Probably because of the cost of legal compliance. Various AI providers also banned Europe because until they were ready for GDPR compliance. China has even stricter rules w.r.t. privacy and data control: a lot of data must stay inside China while allowing authorities access. Typically implementing this properly requires either a local physical presence or a local partner. This is why many apps/services have a completely segregated China offering. AWS's China region is completely sealed off from the rest of AWS, and is offered through a local partner. Similar story with Azure's China region.
I have no idea, but yiyan is short for wenxinyiyan(文心一言), which roughly translates to character-heart-one-(speech/word). Maybe someone who is Chinese could translate it better. So I don't think the name has anything to do with the model.
I do wonder what their backend is. They have the same 3.5/4 version numbering scheme that ChatGPT uses, which could be just marketing (and probably is), but I wonder.
> Also recently released: Yi 34B (with a 100B rumored soon), XVERSE-65B, Aquila2-70B, and Yuan 2.0-102B, interestingly, all coming out of China.
most AI papers are from Chinese people (either from mainland China or from Chinese ancestry living in other countries). They have a huge pool of brains working on this.
If your GPU has ~16GB of vram, you can run a 13B model in "Q4_K_M.gguf" format and it'll be fast. Maybe even ~12GB.
It's also possible to run on CPU from system RAM, to split the workload across GPU and CPU, or even from a memory-mapped file on disk. Some people have posted benchmarks online [1] and naturally, the faster your RAM and CPU the better.
My personal experience is running from CPU/system ram is painfully slow. But that's partly because I only experimented with models that were too big to fit on my GPU, so part of the slowness is due to their large size.
I get 10 tokens/second on a 4-bit 13B model with 8GB VRAM offloading as much as possible to the GPU. At this speed, I cannot read the LLM output as fast as it generates, so I consider it to be sufficient.
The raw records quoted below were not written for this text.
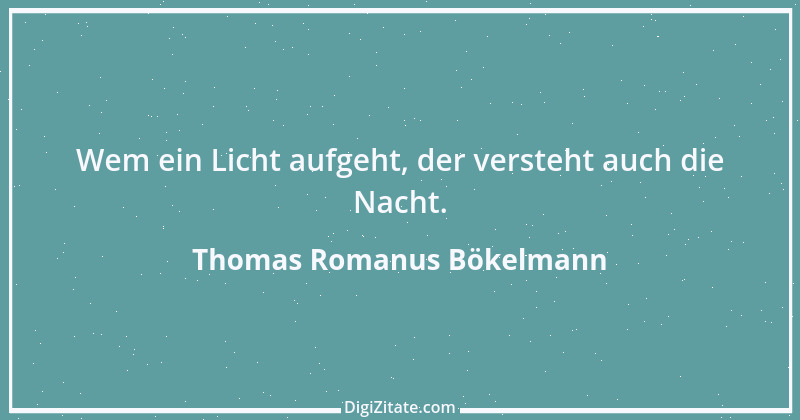 Zitat von Thomas Romanus Bökelmann 3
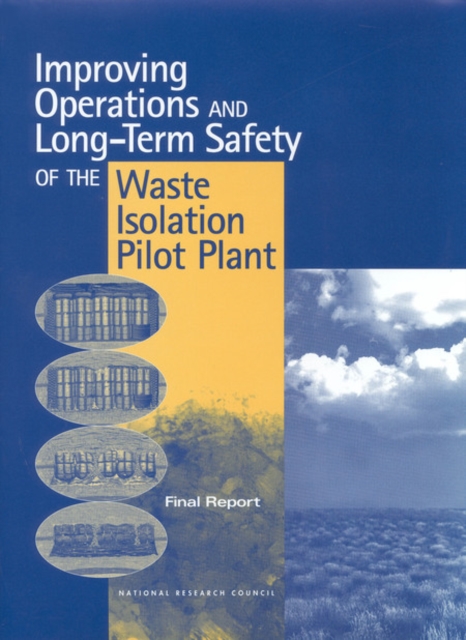Improving Operations and Long-Term Safety of the Waste Isolation Pilot Plant : Final Report, EPUB eBook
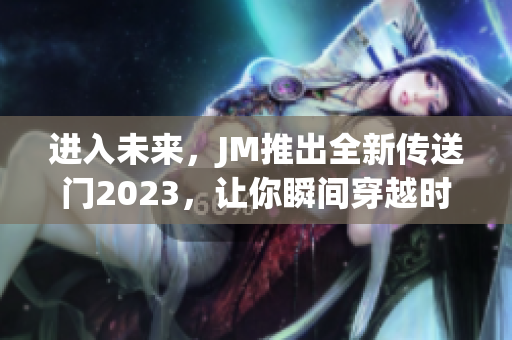 进入未来，JM推出全新传送门2023，让你瞬间穿越时空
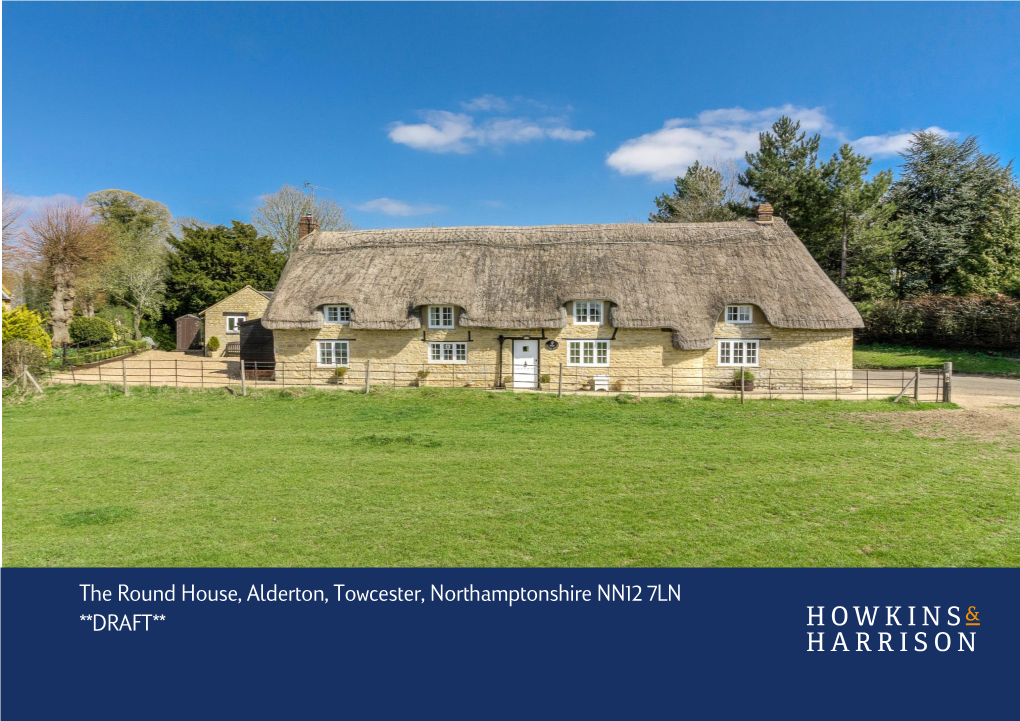 The Round House, Alderton, Towcester NN12 7LN Guide Price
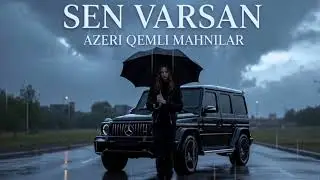 Sen Varsan - En Yeni Qemli Mahnilar 2026 | Trend Mahnilar 2026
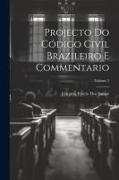 Projecto Do Código Civil Brazileiro E Commentario, Volume 5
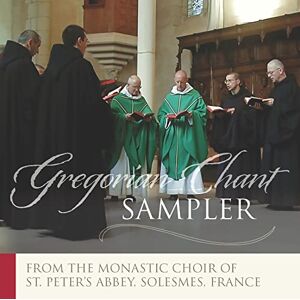 Gregorian Chant Sampler Gregorian Chant Sampler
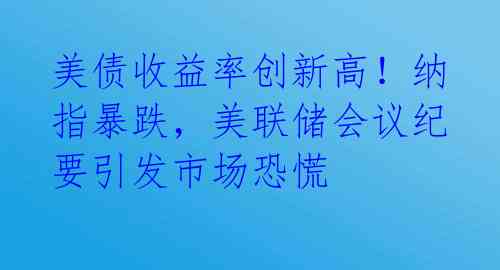 美债收益率创新高!纳指暴跌,美联储会议纪要引发市场恐慌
Mine is a laptop with i7-11800h CPU + RTX 3070 Max-Q 8GB VRAM + 64GB RAM (though you can get probably get away with 16GB RAM). I bought this system for work and causal gaming, and was happy when I found out that GPU also enabled me to run LLMs locally at good performance. This laptop costed me ~= $ 1600, which was a bargain considering how much value I get out of it. If you are not on a budget, I highly recommend getting one of the high end laptops that have RTX 4090 and 16GB VRAM.
With my system, Llama.cpp can run Mistral 7B 8-bit quantized by offloading 32 layers to the GPU (35 total) at about 25-30 tokens/second, or 6-bit quantized by offloading all layers to the GPU at ~ 35 tokens/second.
I've tested a few 13B 4-bit models such as Codellama and got about 10 tokens/second by offloading 37 layers to the GPU. Got me about 10-15 tokens/second.
a CPU would work fine for the 7B model, and if you have 32GB RAM and a CPU with a lot of core you can run a 13B model as well while it will be quite slow. If you dont care about speed, it's definitely one of the cheapest ways to run LLMs.
* Qwen 72B (and 1.8B) - 32K context, trained on 3T tokens, <100M MAU commercial license, strong benchmark performance: https://twitter.com/huybery/status/1730127387109781932
* DeepSeek LLM 67B - 4K context, 2T tokens, Apache 2.0 license, strong on code (although DeepSeek Code 33B it benches better) https://twitter.com/deepseek_ai/status/1729881611234431456
Also recently released: Yi 34B (with a 100B rumored soon), XVERSE-65B, Aquila2-70B, and Yuan 2.0-102B, interestingly, all coming out of China.
Personally, I'm also looking forward to the larger Mistral releasing soon as mistral-7b-v0.1 was already incredibly strong for its size.